Commissioner Thompson hasn’t made any inclination as to what the two divisions would look like, and made the point not to begin scheduling for the upcoming season after Boise State declared it would stay in the conference, perhaps anticipating the situation. But at any rate, this is a good thing for the conference as a whole.
A conference title game often can only hurt a “Big Six” conference, potentially knocking a team out of national title consideration in the last week of the regular season.
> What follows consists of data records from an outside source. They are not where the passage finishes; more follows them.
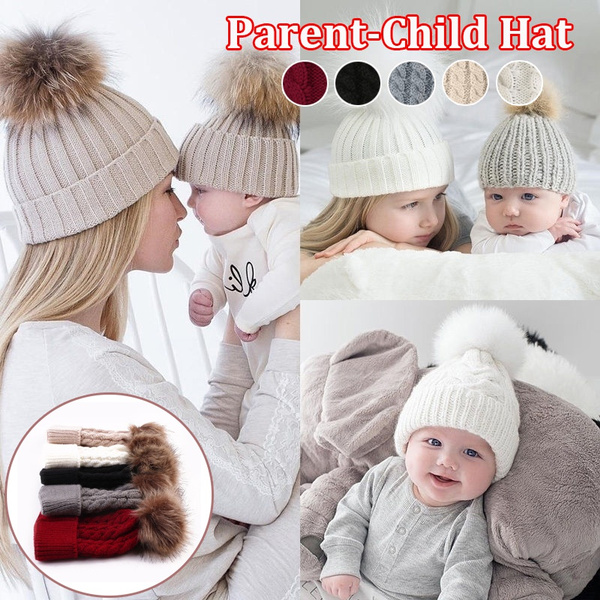 Fox Fur Pompom Beanie Mother Baby Winter Hats For Women Warm Knitted  Beanies Cap Real Fur Pompon Hat Bonnet - AliExpress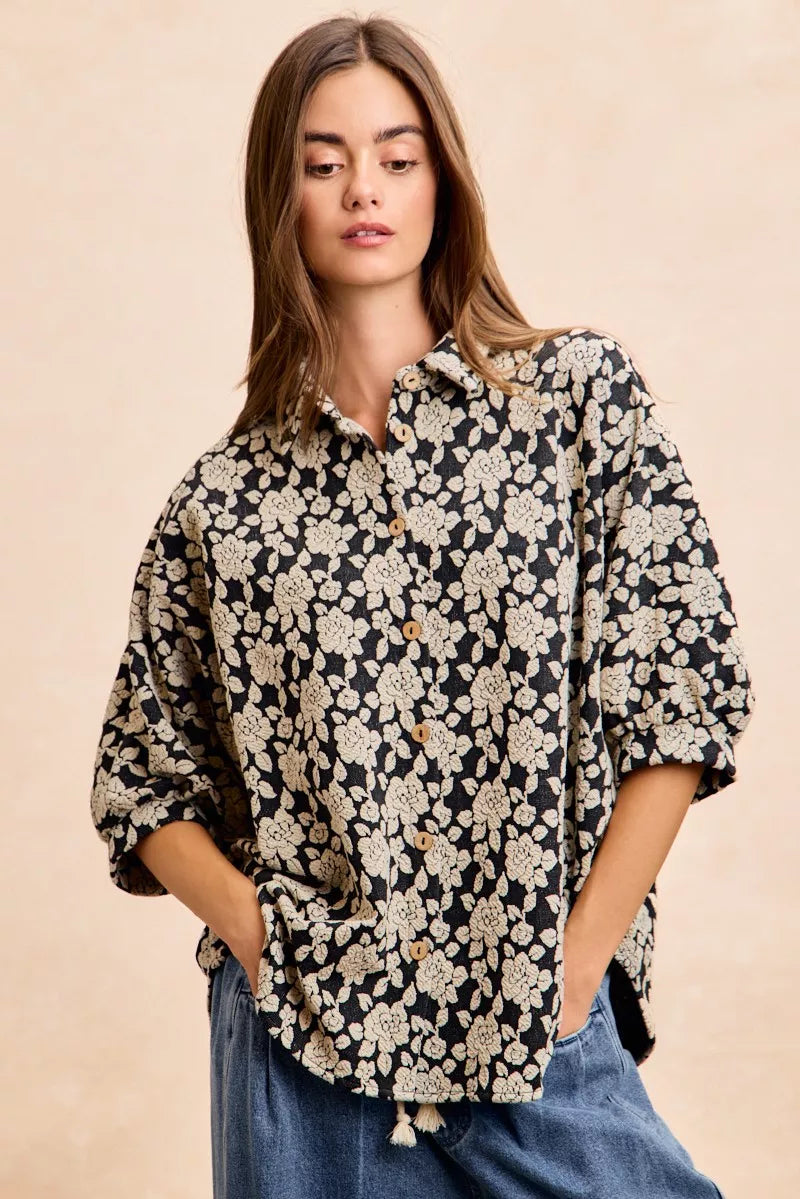 Floral Jacquard Short Dolman Sleeve Shirt -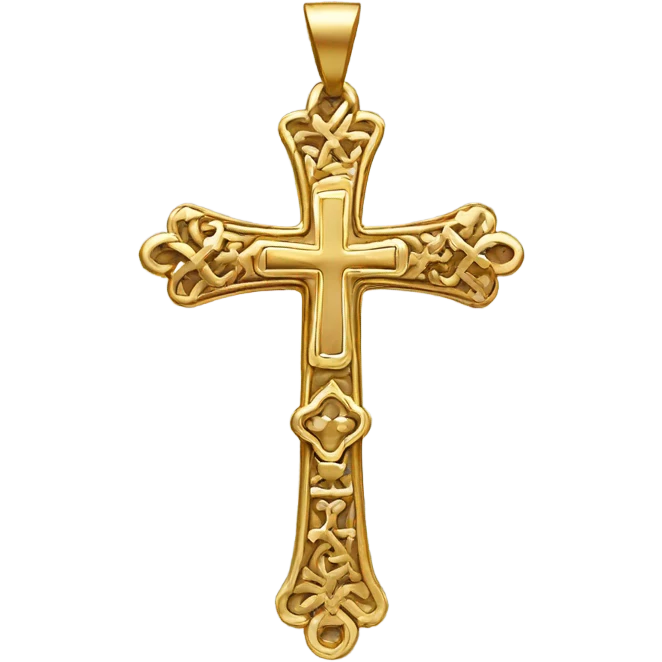 Cross made of gold  emoji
In the Mountain West’s case, a conference title game adds another quality victory to the winner’s resume.
Looking at the big picture, a 12-team Mountain West puts some pressure on the committee that oversees the future college football playoff to rethink its initial decision to deny the conference a waiver to automatically qualify for the next two seasons.
In the original plan, five conferences (Big Ten, ACC, SEC, Pac-12 and Big 12) have a built-in partnership with three “contract bowls” that will become part of the equation once the playoff is instituted. Three other “access” bowls will also take the place of the current BCS bowls under the current system.
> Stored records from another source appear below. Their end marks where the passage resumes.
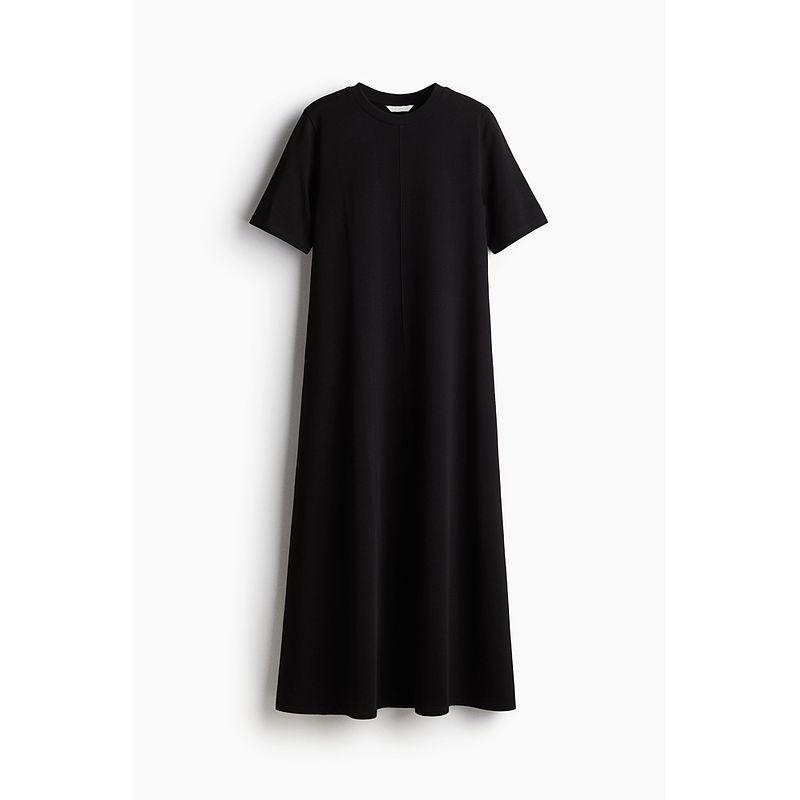 

HM Women s Clothing Fall Dress 2025 New Arrival Straight T-shirt Loose Flared Dress 1283291 Black 155/80(XS)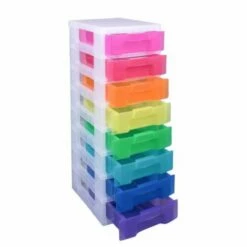 Really Useful Storage Drawer Unit Clear/Rainbow 8x7 Litre -office furniture shop 0161208613 1 1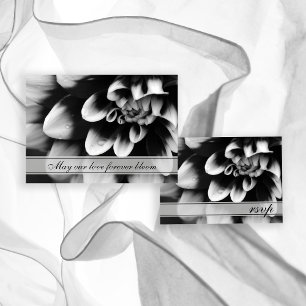 Black and White Dahlia Flower Wedding Invitation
Under the new system, the sites of the two semifinal playoff games will rotate between the six total bowl games.
If the Mountain West does in fact implement a conference title game, it would become the seventh FBS conference to do so along with the Big Ten, Pac-12, SEC, ACC, MAC and Conference-USA. Four of those other six conferences will have tie-ins to “contract bowls” under the new playoff system. The other two have been relegated to “mid-major” status and have not made any moves to suggest that they will be labeled differently in the near future.
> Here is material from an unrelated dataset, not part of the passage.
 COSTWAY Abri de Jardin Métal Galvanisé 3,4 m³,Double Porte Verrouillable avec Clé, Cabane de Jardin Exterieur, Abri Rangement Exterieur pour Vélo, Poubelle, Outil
The same cannot be said of the Mountain West. With Boise State, Utah State, San Diego State and Nevada, a quality argument can be made that the MWC is the sixth best conference in FBS division college football. There will be six major bowl games under the playoff system, and five conferences guaranteed a spot in one of those bowls.
Is the math clear enough yet?
Presumably, there will be an open spot in one of those bowls, even if a deal is made with the power conferences to allow two schools from a particular conference to participate in a major bowl.
In other words, the Mountain West may be preparing for a trial period to prove to the bowl executives that it should be included in the partnership to guarantee a team into one of the major bowls.
It’s not too much to ask, really. Guaranteeing a spot in a major bowl game doesn’t guarantee that the Mountain West will get a team into the playoff every season. But it does assure that the conference will see some of the money that will be distributed to teams participating in the biggest bowls, something that is very important, as well.
Since Boise State agreed to a 50/50 split with the conference of any money that is made from playing in a BCS Bowl game, the Broncos have a lot to gain from the potential setup, as well. Assuring the Mountain West a spot in a major bowl lets Boise State know every conference championship is essentially a major payday.
Why would the school ever leave?
The answer to that question is simple: continued change.
The landscape of college football is not done shifting. Several recent moves by conferences such as the Big Ten and ACC suggest that the major players in the sport want to have 16 teams by the time things have completely settled.
Maybe the Pac-12 will reach out to Boise State in the future looking to become a 16-team league. The school’s academic reputation is improving, and if college football ultimately becomes a sport run by four “super-conferences,” that would be the logical destination.
It is likely that Boise State would jump at the opportunity under such circumstances. That is, to remain relevant in college football.
But right now, it’s hard to predict what exactly the changes will be.
So in the current state of things, Boise State (and every other MWC member for that matter) can enjoy stability, favorable revenue deals and the potential for huge bowl payouts if the conference can position itself to be added to the partnership that will be guaranteed a spot in a major bowl.
Put simply, the new look of the Mountain West Conference has the Broncos sitting pretty for the time being.